▶ Data provided:
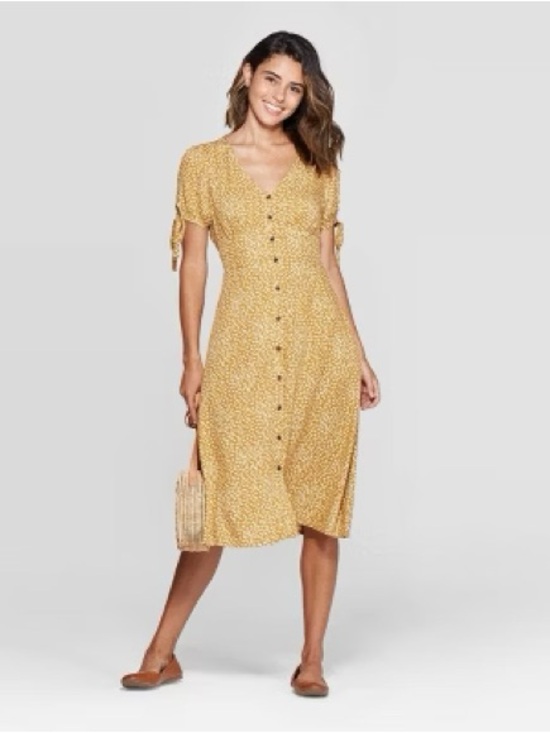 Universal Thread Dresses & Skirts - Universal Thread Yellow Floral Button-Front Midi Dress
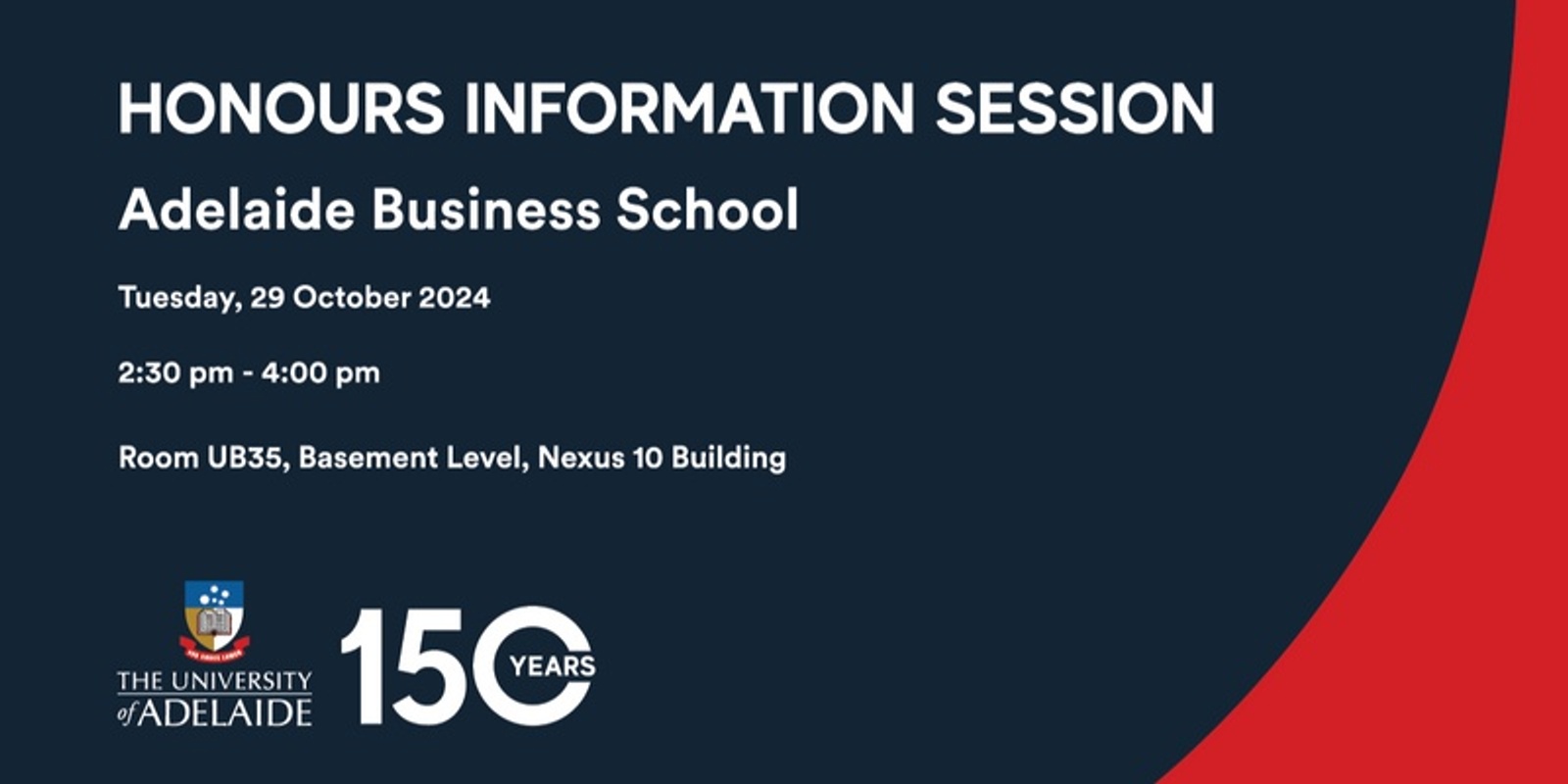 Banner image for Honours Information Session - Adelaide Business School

---

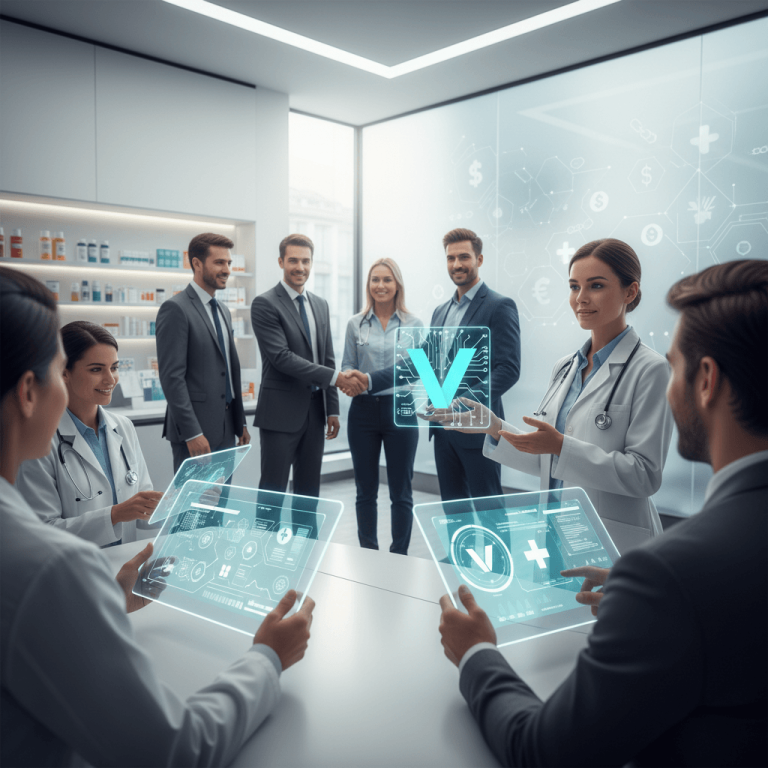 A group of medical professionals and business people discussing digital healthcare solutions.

▶ Task instructions: Among the entries above, take the lines from the one with "Universal Thread Dresses" through the one with "Banner image for" and retype them exactly, leaving out the pictures.

▶ Solution for this exercise:
 Universal Thread Dresses & Skirts - Universal Thread Yellow Floral Button-Front Midi Dress
 Banner image for Honours Information Session - Adelaide Business School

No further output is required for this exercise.